Freud, "Rüyalar ruh dengemizi sağlayan, daracık gövdemize sıkıştırdığımız azgın tutkuları, taşkın yaşama ve eğlenme isteklerini, her çeşit özlemleri ara sıra boşaltıp ayarlayan emniyet supaplarıdır" diyor. Eflatun iyi insanı rüyaları üzerinden tarif ediyor: "İyi insan diye onlara denir ki, başkalarının gerçekten yaptığını onlar yalnız tasarlamakla, düşlemekle yetinirler..." Tom Waits'in "Rüya görürken hepimiz masumuz" diye mırıldanıyor o nefis şarkısında.

Ve ben tüm bunların ışığında ben, ‘azgın tutkularımın emniyet supabı var mı, iyi bir insan mıyım, masum muyum bilemiyorum. Çünkü rüya görüp görmediğimi bilmiyorum! Elbette, ‘bebekler gibi uyurken’, bir şeyler görüyorumdur ama benim sorunum (eğer bu bir sorunsa ki öyle görünüyor) rüyalarımı hatırlamıyorum.

Rüyalar için “Her birimizin her gece sahip olduğu bir kişisel sonsuzluk” diyen, İngiliz yazar J.W. Dunne'u bahsettiği ‘sonsuzluktan’ her sabah, ellerim bomboş dönüyorum.

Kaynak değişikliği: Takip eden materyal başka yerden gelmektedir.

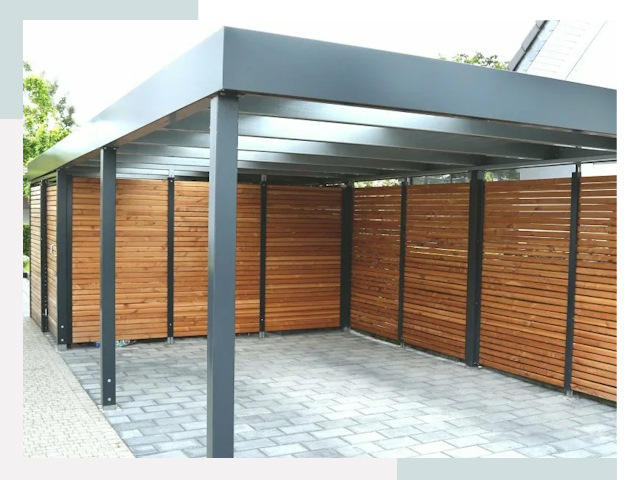 Навесы для парковки в Бийске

“İnsan, rüyalar boyunca istikbaldeki yaşamın idmanını yapar” diyen Nietzsche haklıysa istikbalimi pek parlak görmüyorum ben!

“Ulan ben niye rüyalarımı hatırlamıyorum” diye dertlenmemin nedeni Nicolas Cage’in bu hafta vizyona giren filmi ‘Rüya Senaryo’ (Dream Scenario).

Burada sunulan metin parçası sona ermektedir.